La convocation de l’adversaire étant le seul fait du greffe, la direction de la procédure échappe aux parties qui ne peuvent l’accélérer ( Civ. 2e, 15 novembre 2012, n° de pourvoi 11-25499). Il en résulte que le délai de péremption de l’instance n’a pas commencé à courir avant la date de la première audience fixée par le greffe dans la convocation.
En l’espèce, à la suite de la déclaration d’appel, les parties ont été convoquées par le greffe pour l’audience du 31 mai 2024, date à laquelle les parties ont déposé leurs conclusions et l’affaire a été plaidée.
Le moyen tiré de la péremption de l’instance ne peut donc prospérer.

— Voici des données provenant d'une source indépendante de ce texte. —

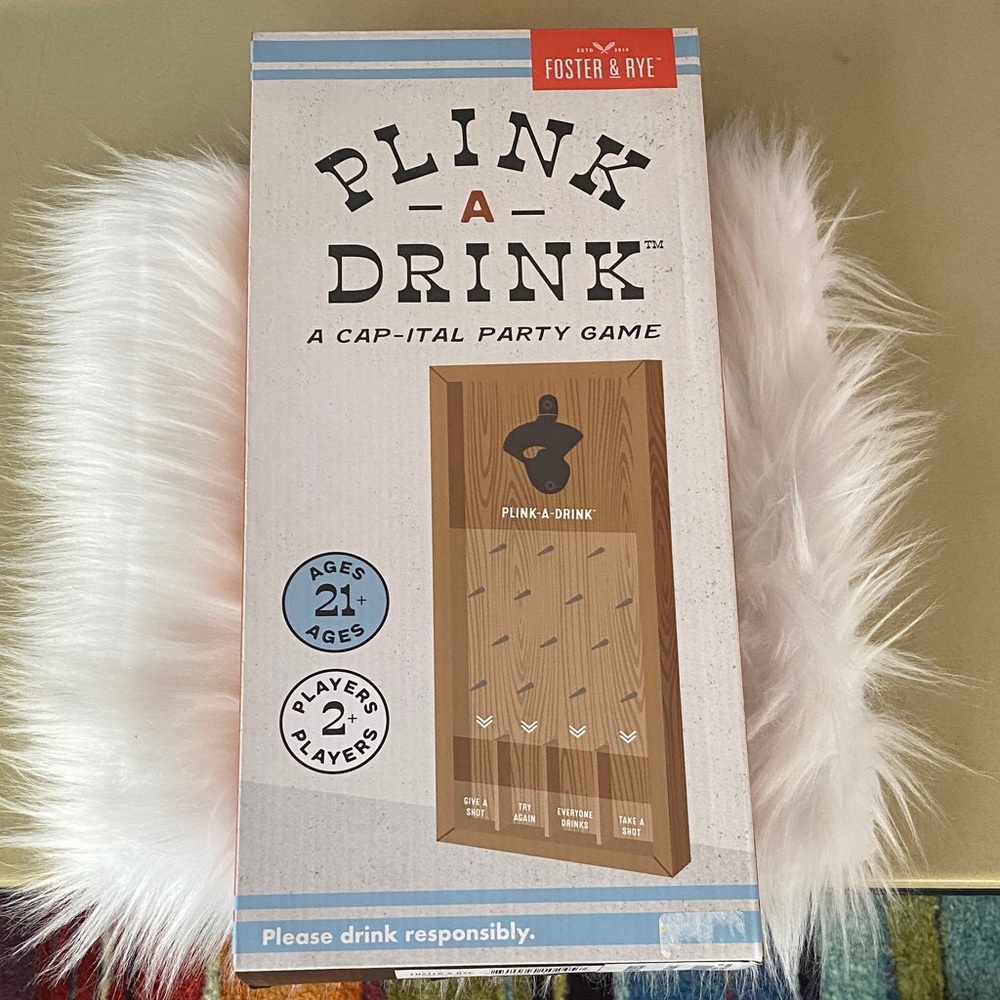 Plink-A-Drink Party Game - new in box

Sur l’opposabilité de la décision de prise en charge de l’accident du travail au titre de la législation professionnelle
Moyens des parties
La caisse soutient que les faits allégués survenus sur le parking de l’entreprise peu avant la prise de poste de M. [O] répondent à la qualification d’accident du travail ; que la présomption d’imputabilité prévue à l’article L 411-1 du code de la sécurité sociale a vocation à s’appliquer et n’est pas renversée; que la décision de prise en charge de l’accident de travail de M. [O] est donc opposable à la société.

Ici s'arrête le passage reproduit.